The allometric equations derived from this study can be used to accurately determine AGB and BGB and the carbon storage of C. inophyllum L. trees, particularly for reforestation projects in a similar geographical zone. The use of these site-specific equations is preferred to reduce uncertainty in carbon estimation [15]. The high precision of the allometric equation would satisfy the monitoring requirements of carbon-trading schemes [18,50]. Further, accurate models of carbon gain during reforestation are needed for assessing potential carbon sequestration under different scenarios of land-use change [51]. The developed allometric equations can be applied to measure biomass or carbon stock supporting DNC implementation, especially for developing biofuel plants for rehabilitation of degraded lands.

5. Conclusions

Allometric equations using ln(DBH) and ln(H) for biomass prediction of C. inophyllum L. have qualified the model’s goodness of fit with statistical significance at 95% of the confidence interval for AGB and TABGB predictions. The significant values of the regression coefficients are essential because these determine the accuracy of the prediction. The accuracy is also shown by non-significant differences between the measured and the predicted biomass. In addition, the linear models using both ln(DBH) and ln(H) are well fit and accurate, but the model with ln(DBH) is more precise than the model using ln(H). This is because the allometric equations using ln(DBH) produce higher Adjusted R² and lower MAPE than allometric equations using ln(H). The models using ln(DBH) as a predictor are ln(AGB) = −0.972 + 2.078 ln(DBH), ln(BGB) = −3.559 + 2.359 ln(DBH), and ln(TABGB) = −0.917 + 2.115 ln(DBH), respectively. The MAPE of BGB is the highest compared to that of AGB and TABGB for biomass prediction using ln(DBH) and ln(H).

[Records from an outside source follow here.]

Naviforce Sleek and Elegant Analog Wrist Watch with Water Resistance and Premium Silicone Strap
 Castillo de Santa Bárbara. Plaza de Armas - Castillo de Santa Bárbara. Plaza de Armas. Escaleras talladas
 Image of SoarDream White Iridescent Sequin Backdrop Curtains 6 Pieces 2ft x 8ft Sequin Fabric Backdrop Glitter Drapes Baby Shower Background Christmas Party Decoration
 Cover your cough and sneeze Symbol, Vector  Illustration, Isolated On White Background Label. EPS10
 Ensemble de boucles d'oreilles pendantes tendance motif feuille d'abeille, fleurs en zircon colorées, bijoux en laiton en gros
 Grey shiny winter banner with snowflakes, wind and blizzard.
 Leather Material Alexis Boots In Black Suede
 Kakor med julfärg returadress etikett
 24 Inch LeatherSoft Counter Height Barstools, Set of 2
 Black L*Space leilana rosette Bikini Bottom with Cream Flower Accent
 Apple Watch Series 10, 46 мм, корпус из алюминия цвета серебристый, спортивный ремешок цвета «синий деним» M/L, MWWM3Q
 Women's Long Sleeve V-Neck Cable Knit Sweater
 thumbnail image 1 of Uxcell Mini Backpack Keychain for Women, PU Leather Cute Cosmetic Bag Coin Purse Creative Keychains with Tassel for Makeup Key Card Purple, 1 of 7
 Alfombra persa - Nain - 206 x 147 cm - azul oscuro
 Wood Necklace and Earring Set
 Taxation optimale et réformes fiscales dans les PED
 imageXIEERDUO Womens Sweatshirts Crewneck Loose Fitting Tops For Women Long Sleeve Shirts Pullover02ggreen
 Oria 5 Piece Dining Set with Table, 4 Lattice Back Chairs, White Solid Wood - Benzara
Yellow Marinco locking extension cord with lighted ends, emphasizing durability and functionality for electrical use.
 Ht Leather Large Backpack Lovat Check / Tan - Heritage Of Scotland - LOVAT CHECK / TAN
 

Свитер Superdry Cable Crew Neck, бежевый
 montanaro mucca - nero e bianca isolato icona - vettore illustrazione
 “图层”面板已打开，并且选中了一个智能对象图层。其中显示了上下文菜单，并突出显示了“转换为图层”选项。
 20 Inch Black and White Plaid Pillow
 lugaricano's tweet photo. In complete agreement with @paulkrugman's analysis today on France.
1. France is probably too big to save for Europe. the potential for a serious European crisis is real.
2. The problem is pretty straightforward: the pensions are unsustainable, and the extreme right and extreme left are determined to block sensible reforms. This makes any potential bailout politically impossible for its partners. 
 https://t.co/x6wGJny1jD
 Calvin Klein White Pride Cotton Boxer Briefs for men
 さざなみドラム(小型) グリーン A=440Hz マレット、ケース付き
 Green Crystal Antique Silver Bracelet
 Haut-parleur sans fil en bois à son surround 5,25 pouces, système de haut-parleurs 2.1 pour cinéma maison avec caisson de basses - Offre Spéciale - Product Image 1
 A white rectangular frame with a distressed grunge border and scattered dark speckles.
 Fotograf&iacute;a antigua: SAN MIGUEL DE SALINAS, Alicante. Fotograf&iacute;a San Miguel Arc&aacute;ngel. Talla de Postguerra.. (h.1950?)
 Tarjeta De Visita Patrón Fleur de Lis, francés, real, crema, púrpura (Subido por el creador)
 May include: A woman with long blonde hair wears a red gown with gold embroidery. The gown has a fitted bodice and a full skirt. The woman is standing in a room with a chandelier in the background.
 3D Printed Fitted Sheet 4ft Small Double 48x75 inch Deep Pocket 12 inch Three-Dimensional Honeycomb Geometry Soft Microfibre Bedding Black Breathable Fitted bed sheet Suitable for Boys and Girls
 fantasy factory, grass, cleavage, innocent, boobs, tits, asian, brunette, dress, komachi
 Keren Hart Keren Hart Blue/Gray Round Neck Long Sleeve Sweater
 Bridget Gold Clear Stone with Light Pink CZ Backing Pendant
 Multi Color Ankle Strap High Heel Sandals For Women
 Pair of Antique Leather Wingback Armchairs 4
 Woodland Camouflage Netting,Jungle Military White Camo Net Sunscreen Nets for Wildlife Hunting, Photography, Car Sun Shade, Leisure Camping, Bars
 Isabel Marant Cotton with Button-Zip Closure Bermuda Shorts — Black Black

Consequently, the driven allometric equations can help accurate biomass or carbon quantification for the implementation of NDC, carbon-trading schemes in tropical forests, and reforestation projects with C. inophyllum L. in similar geographical zones. This research suggests further studies in different regions, including subtropical and temperate climates and with various tree species for biofuel. Moreover, the model should be established based on different plantation practices (monoculture, mixed species, agroforestry, etc.), soil conditions, and interventions (management, trimming, etc.). Policy-makers, project implementors, farmers, and other stakeholders can benefit from a wider range of research into accurate carbon measurement and tree species selection for carbon-pricing initiatives.